Appellant urges in his motion for rehearing that a prejudiced juror sat in his trial, and that we erred in not sustaining complaint thereof brought forward in bill of exception number one.

Evidence upon the issue as to whether a juror was prejudiced may be presented on the hearing of the motion for new trial by affidavits, oral testimony or both; in the present instance *Page 119 both were resorted to. Before reverting to the evidence heard on the motion it will be well to state the principles controlling in such cases, and we quote from pages 288 and 289 of Branch's Ann. Tex. P. C. on the subject, as follows: "When it is sought to show on the hearing of the motion for new trial that a juror before the trial had expressed an opinion of defendant's guilt or had made statements which showed a prejudice against defendant, the decision of the trial court on that issue will be sustained by the Appellate Court unless clearly wrong if the evidence bearing thereon was conflicting and was sufficient, if believed, to justify the action of the trial judge." * * *

"If there is testimony tending to show that a juror before the trial had made remarks indicating prejudice against the defendant or an opinion of defendant's guilt and that this was unknown to defendant at the time the juror qualified and was accepted, but on the other hand * * * if the juror and others deny that the remarks were made, then it is a question for the trial judge to decide as to the fairness and impartiality of the juror, and unless it clearly appears that he has abused his discretion his finding on that issue will not be disturbed." Many cases are cited supporting the text.

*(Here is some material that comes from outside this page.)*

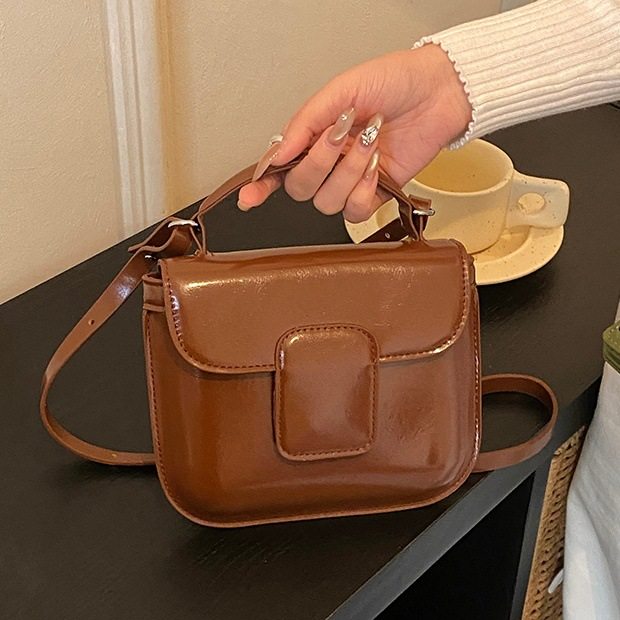 油蜡皮小包包女2026新款高级感小众设计手提小方包简约单肩斜挎包,箱包皮具/热销女包/男包,单肩包,淘宝优惠券,粉丝福利购,淘宝优惠卷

It was alleged in the motion for new trial that the juror Oscar Dishman "had formed and expressed an opinion as to defendant's guilt and that the said juror had discussed it many times with various people, including T. L. Ellis, R. R. (Bob) Ellis, Miss Mae Johnson, Mrs. Dishman and others." To support the said averment appellant attached to his motion the affidavits of R. R. (Bob) Ellis and T. L. (Tom) Ellis. In the affidavit of Bob Ellis he states that on Sunday afternoon, January 29th, 1939 — which was the day before the case was to be tried — witness in company with his brother (Tom Ellis) and the latter's wife, went to the Dishman home to pay his aunt, Mrs. Dishman and her husband a visit; that in addition to those already mentioned there were also present James Lewis, and Miss Johnson. The affidavit then recites that Mr. Dishman mentioned having gotten a summons for jury service for the next day, and then follows the relation of a conversation in which Dishman participated, the details of which it is not necessary to set out, but which, if true, showed Dishman to be a biased juror who had prejudiced appellant's case. The affidavit of Tom Ellis, which was in all material respects the same as Bob's, was also attached to appellant's motion.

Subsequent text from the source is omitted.